Information supplied
╔══
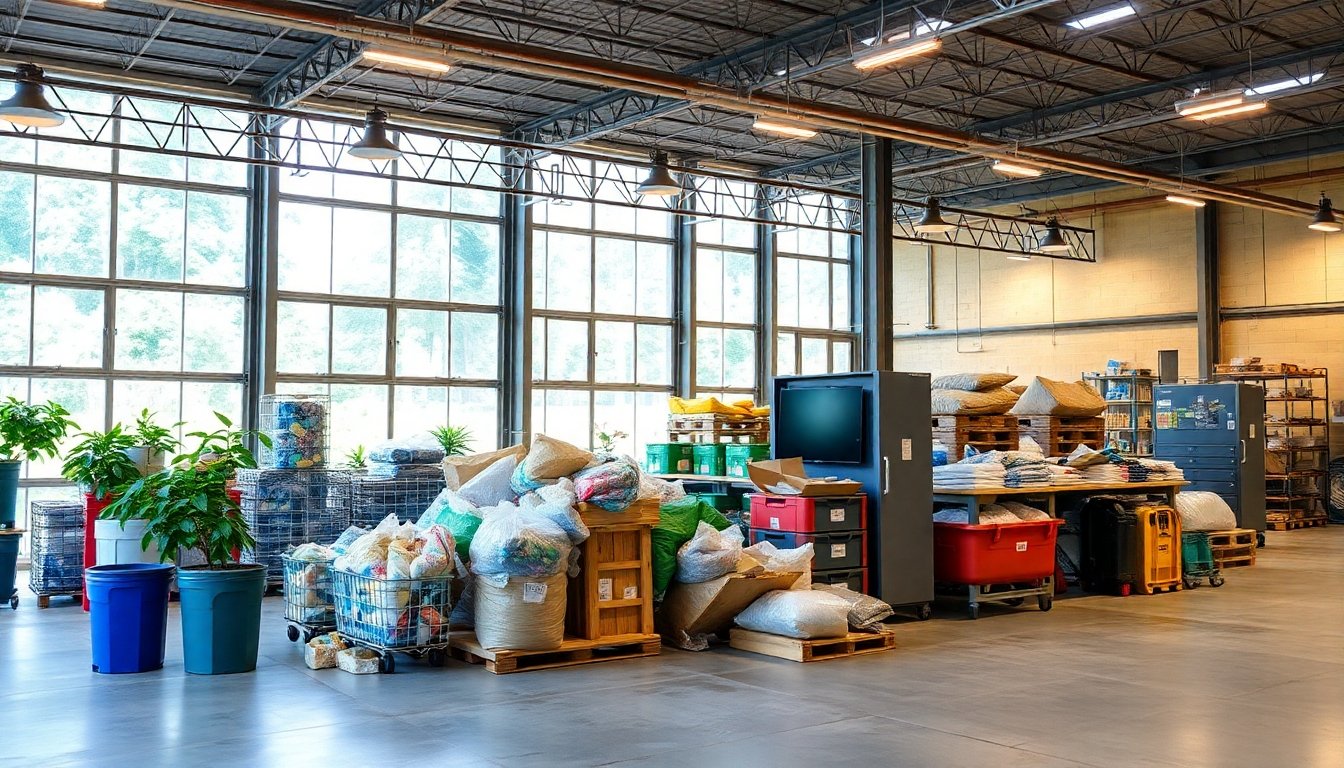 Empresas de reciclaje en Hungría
╚══
╔══
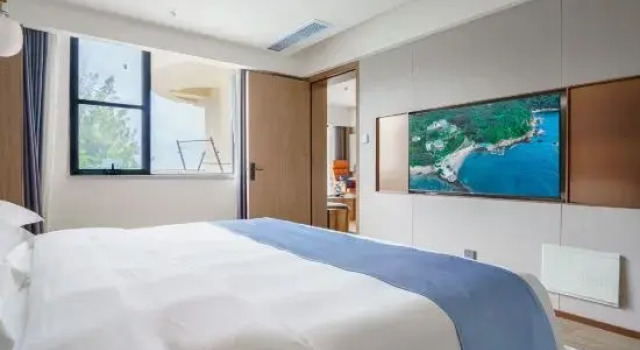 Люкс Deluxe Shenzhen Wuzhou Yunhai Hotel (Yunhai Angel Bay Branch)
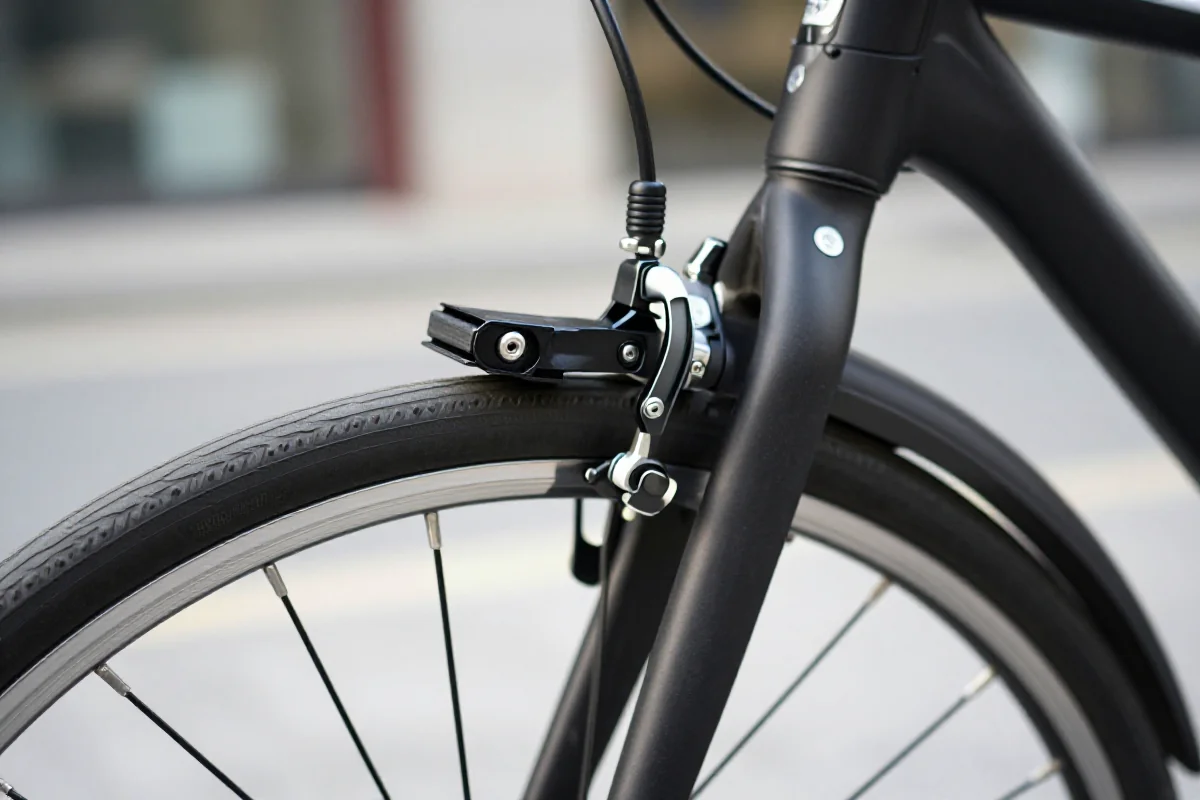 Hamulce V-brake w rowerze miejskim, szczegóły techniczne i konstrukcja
╚══
╔══
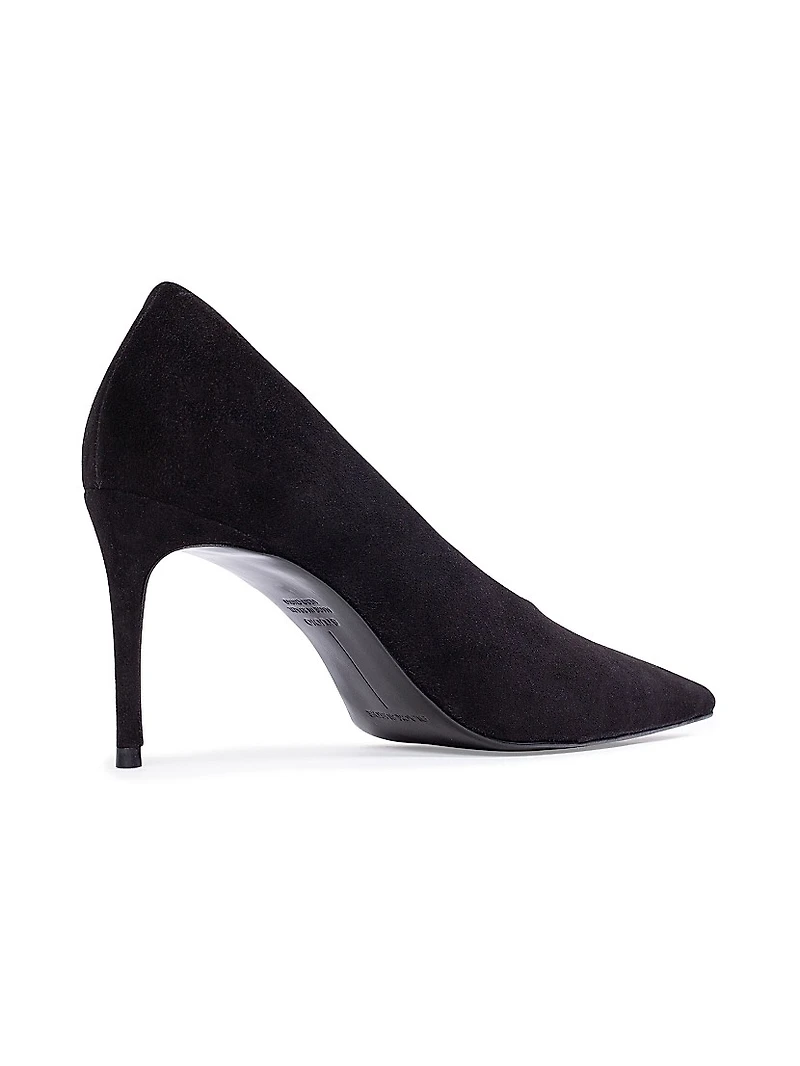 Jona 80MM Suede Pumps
╚══
Problem to solve
Look above for the line with "Люкс Deluxe Shenzhen"; quote it and every line after it, stopping after the line with "Hamulce V-brake w", exactly, with nothing added and without pictures.

Response to the task
 Люкс Deluxe Shenzhen Wuzhou Yunhai Hotel (Yunhai Angel Bay Branch)
 Hamulce V-brake w rowerze miejskim, szczegóły techniczne i konstrukcja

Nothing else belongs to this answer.